My preferred execution platform is an ECN, CTrader from FXpro, you can download the demo version here to play around and trade the superior DOM. Ctrader Demo with FXPro
I have been getting use to volume myself after a lot of practice and study. You get the hang of it after a while by just looking and studying the volume with price action. You get your own view on it after a while. Whether you call it smart money on high volume or more activity. It’s the same. You have buyers and sellers, usually the higher volume is the smart money but I look at it as higher or lower activity. If it is bearish with wider price spread and higher volume I look at it as more activity. Longer wicks to me is either more selling or buying pressure. Whether it be bullish or bearish. I also use support and resistance areas to determine price targets and fundamentals are important. With some practice you will get the hang of it.

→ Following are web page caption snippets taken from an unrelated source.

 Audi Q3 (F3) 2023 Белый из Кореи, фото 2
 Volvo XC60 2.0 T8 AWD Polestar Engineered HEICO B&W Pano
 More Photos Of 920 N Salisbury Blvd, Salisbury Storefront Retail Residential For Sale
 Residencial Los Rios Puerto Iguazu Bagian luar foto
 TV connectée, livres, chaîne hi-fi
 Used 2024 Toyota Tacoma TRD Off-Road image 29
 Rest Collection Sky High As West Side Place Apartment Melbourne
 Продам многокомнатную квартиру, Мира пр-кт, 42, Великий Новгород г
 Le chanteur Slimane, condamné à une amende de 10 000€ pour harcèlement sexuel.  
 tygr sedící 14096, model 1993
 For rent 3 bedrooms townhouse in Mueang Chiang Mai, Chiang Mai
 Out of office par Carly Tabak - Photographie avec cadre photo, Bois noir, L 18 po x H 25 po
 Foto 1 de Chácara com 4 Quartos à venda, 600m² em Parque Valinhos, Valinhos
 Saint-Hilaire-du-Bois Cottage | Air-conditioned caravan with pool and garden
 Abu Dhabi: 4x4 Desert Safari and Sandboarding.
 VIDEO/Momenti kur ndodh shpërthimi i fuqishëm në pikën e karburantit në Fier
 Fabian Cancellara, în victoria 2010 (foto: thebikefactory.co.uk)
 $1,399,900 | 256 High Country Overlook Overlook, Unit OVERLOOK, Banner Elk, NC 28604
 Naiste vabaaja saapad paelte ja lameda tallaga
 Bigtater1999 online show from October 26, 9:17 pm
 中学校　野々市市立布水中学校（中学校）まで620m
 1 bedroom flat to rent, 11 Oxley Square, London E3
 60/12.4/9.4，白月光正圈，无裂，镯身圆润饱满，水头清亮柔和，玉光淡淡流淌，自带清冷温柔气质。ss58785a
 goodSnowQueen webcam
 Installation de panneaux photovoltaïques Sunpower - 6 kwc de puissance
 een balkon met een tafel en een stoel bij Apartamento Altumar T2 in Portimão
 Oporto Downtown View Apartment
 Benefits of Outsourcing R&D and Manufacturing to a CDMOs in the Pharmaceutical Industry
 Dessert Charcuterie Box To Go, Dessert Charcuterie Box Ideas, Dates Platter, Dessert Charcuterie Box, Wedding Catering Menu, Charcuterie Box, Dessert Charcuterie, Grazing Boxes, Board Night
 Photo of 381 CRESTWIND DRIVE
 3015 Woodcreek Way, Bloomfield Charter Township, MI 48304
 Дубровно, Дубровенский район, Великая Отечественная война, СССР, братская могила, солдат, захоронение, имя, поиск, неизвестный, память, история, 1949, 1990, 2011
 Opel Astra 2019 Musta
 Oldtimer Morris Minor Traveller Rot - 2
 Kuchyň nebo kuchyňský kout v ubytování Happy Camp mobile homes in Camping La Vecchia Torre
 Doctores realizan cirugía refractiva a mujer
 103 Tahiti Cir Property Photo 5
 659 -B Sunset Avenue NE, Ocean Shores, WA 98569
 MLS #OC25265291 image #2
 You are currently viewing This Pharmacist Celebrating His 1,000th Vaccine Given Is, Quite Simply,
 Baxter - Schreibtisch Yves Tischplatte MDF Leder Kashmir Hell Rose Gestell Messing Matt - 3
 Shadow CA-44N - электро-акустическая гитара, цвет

Hi Pip. Not open yet. I will eventually. I am developing a trading algo. Want to get that out of the way (Won’t be for sale). Also waiting for the brand trademark to be approved.
Just wanted to mention for me determining which way the trend will go, bullish or bearish based on volume is a bit tricky for me. I mainly use volume to determine the strength of the market. I’ll go back more than several time intervals or bars to help determine the strength of the pair or the general strength overall. Determining the actual direction is more difficult. If it is a weak market, consolidating, low price spread, low volume etc… I’ll look for more supply which would be higher price spread with higher volume for an up move, low price spread with low volume to determine a possibility of a supply setup. I usually determine this when the market is bearish. I usually determine a bearish sentiment when the market is overbought, usually in supply areas. Just a few examples, but volume is definitely a major determination in either a bearish or bullish probability. I do use the MACD to help determine momentum and two or three moving averages, not really necessary but helpful. Sorry about the long comment.
Here is an interesting situation developing in the currency pair NZD/USD: the declining volume (highlighted by me with a blue line across the top of the volume bars) since the beginning of April has been accompanied by a narrowing price spread, which currently stands at as little as fifty pips (0.7550-0.76):
The four-hour chart screenshot above screams ‘breakout’, almost like a coiled spring waiting to snap free… We just have to see which catalyst will move this (and other US Dollar pairs)… RBNZ rate decision, 30th April? Probably, or it could be the Greek payments next week, or Chinese data, or central bank commentary in any G10 country, and so on… Either way, a breakout is inevitable: my guess is that it will be to the downside, given the RBNZ/Fed different fundamentals, but nobody can say for sure.
Hi all, It seems like the Dollar made its move. It is rather crazy as everyone tries to consider a sell option on USD. Monetary policy keeps diverging with the rest of the world and no matter how much the FED tries, they can’t convince the market that rates won’t go up.
I am long USD all the way. Poor old Sterling is getting the boot.
On the subject of volume, the major volume spike is on the sell side we need to see a similar to consider an upward market. No surprise to see NZD tanking.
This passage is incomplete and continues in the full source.